It may seem counter intuitive, but I found my horse went better with a mullen mouth bit, and even better with a happy mouth mullen mouth bit.  At home and with groups that we only WTC a mullen mouth loose ring works  perfectly.  Out hunting or if we are galloping in groups a 3 ring happy mouth mullen mouth gag with 2 reins does the trick.  Most of the time I ride on the snaffle rein.  It is only when we get galloping and he gets heavy on his forehand that I need to use the curb rein on the gag to get him to lift his front end.

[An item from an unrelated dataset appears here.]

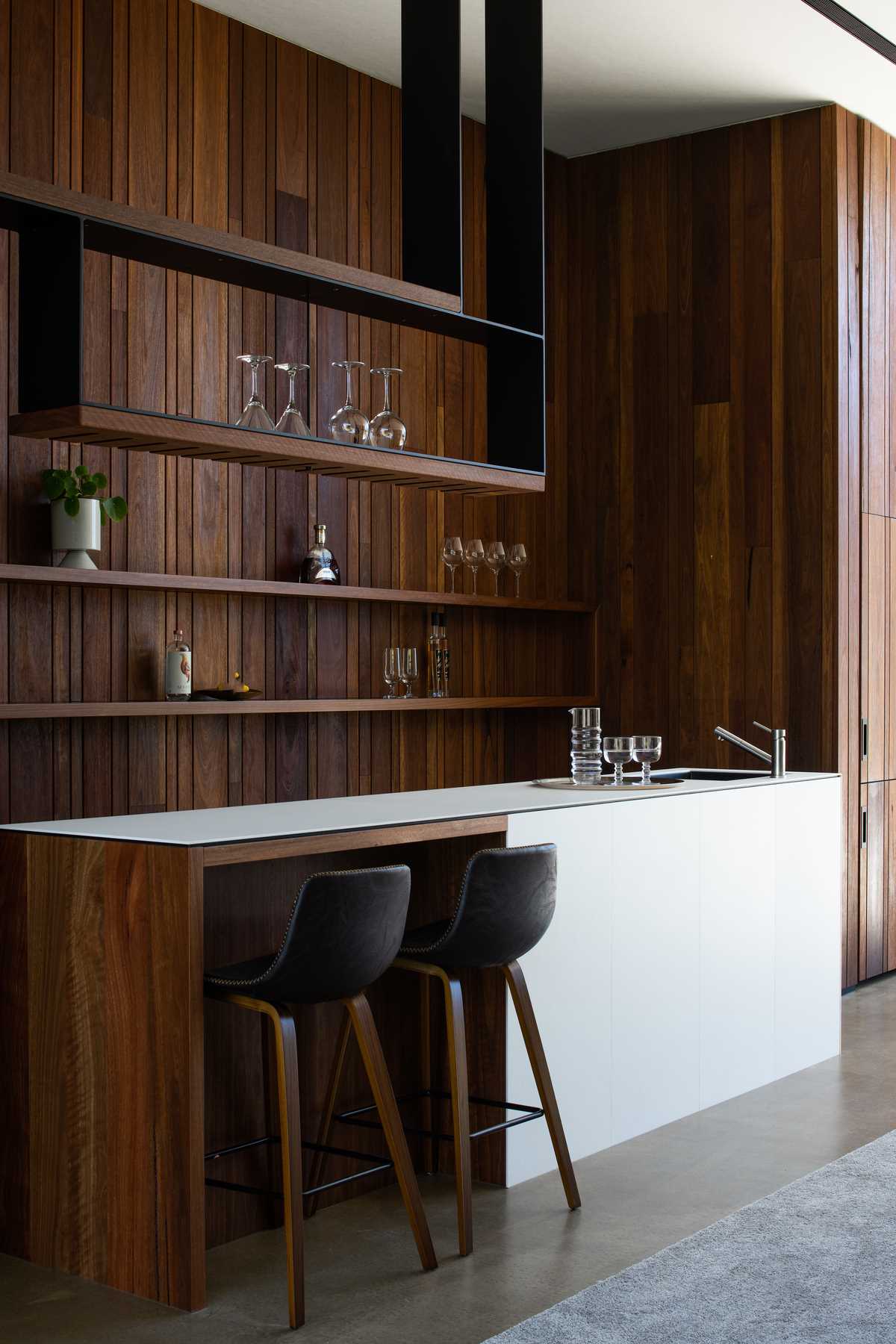 A modern games room with a bar and rich wood accent wall.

As an added note, when he is pulling if I keep my elbows close to my side, I find he is not as successful at pulling and ending up on his forehand.  Think of it as if you had a rank horse you were trying to lunge, if you have your arm outstretched, he will pull you off your feet and go where he wants.  On the other hand if you have your elbow at your side tightly when he starts pulling you have MUCH more control over your body.

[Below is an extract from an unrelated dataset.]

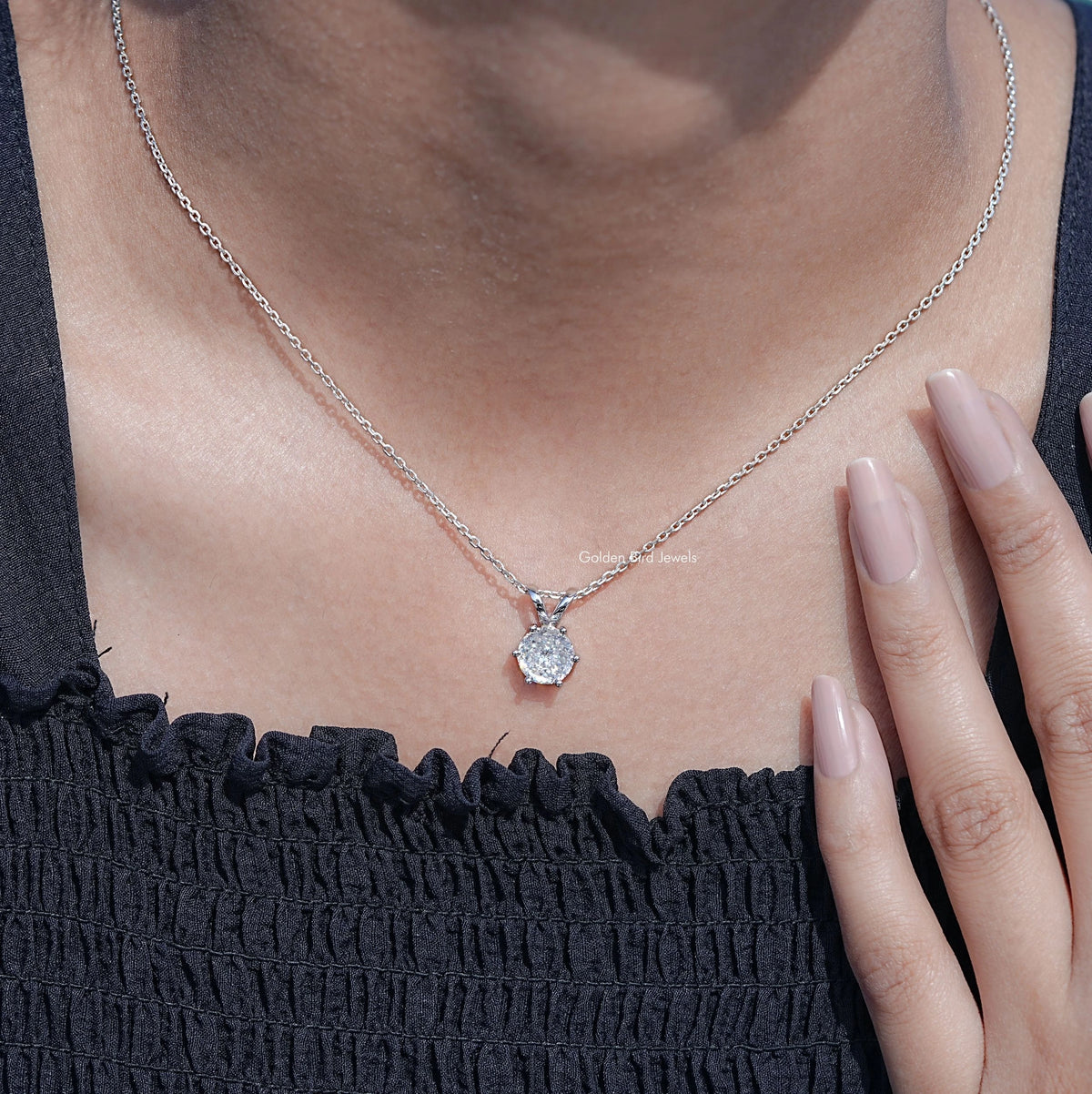 Silver round moissanite pendant necklace with prong-set stone at center of neckline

Practice shoulder in and haunches in at home and then put those into practice before your horse gets strong.  If he has lots of energy to use, he can use it working harder not faster.  Also practice transitions within gait at home so the horse has an idea of what's wanted.  When doing this exercise at home try to get the transition with the lightest cue possible.  When hunting, I use a voice command to steady, added with the seat and rein cues.

Don't forget to reward good behavior.  A light rein, a pat and even a snack.


----------